Information given |
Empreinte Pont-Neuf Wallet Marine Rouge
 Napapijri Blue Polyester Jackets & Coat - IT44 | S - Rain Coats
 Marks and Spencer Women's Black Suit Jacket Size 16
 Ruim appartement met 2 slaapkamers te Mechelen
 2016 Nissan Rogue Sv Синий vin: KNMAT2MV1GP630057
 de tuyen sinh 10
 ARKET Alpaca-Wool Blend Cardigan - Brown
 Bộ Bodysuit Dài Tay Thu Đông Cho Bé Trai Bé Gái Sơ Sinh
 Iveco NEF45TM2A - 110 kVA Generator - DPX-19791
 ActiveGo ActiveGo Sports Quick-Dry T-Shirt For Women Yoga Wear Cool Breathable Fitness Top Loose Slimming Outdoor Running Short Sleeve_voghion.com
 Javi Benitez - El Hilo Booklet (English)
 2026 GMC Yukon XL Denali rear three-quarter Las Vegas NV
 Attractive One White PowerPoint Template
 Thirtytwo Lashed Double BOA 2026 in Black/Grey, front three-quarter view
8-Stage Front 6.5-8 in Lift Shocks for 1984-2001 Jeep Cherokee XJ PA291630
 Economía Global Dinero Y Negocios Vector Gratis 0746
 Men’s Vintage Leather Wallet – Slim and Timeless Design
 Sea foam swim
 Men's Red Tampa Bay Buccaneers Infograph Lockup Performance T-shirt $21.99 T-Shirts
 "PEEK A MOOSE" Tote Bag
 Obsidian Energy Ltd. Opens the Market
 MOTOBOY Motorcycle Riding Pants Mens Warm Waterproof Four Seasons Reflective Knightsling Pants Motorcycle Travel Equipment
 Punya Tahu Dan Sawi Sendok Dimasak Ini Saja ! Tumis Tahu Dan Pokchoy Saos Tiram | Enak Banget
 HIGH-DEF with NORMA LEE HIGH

Problem details | Where the line with "Men’s Vintage Leather" ends, your copy should end too; please return exactly the lines from the first line of the data through it.

Exercise output |
Empreinte Pont-Neuf Wallet Marine Rouge
 Napapijri Blue Polyester Jackets & Coat - IT44 | S - Rain Coats
 Marks and Spencer Women's Black Suit Jacket Size 16
 Ruim appartement met 2 slaapkamers te Mechelen
 2016 Nissan Rogue Sv Синий vin: KNMAT2MV1GP630057
 de tuyen sinh 10
 ARKET Alpaca-Wool Blend Cardigan - Brown
 Bộ Bodysuit Dài Tay Thu Đông Cho Bé Trai Bé Gái Sơ Sinh
 Iveco NEF45TM2A - 110 kVA Generator - DPX-19791
 ActiveGo ActiveGo Sports Quick-Dry T-Shirt For Women Yoga Wear Cool Breathable Fitness Top Loose Slimming Outdoor Running Short Sleeve_voghion.com
 Javi Benitez - El Hilo Booklet (English)
 2026 GMC Yukon XL Denali rear three-quarter Las Vegas NV
 Attractive One White PowerPoint Template
 Thirtytwo Lashed Double BOA 2026 in Black/Grey, front three-quarter view
8-Stage Front 6.5-8 in Lift Shocks for 1984-2001 Jeep Cherokee XJ PA291630
 Economía Global Dinero Y Negocios Vector Gratis 0746
 Men’s Vintage Leather Wallet – Slim and Timeless Design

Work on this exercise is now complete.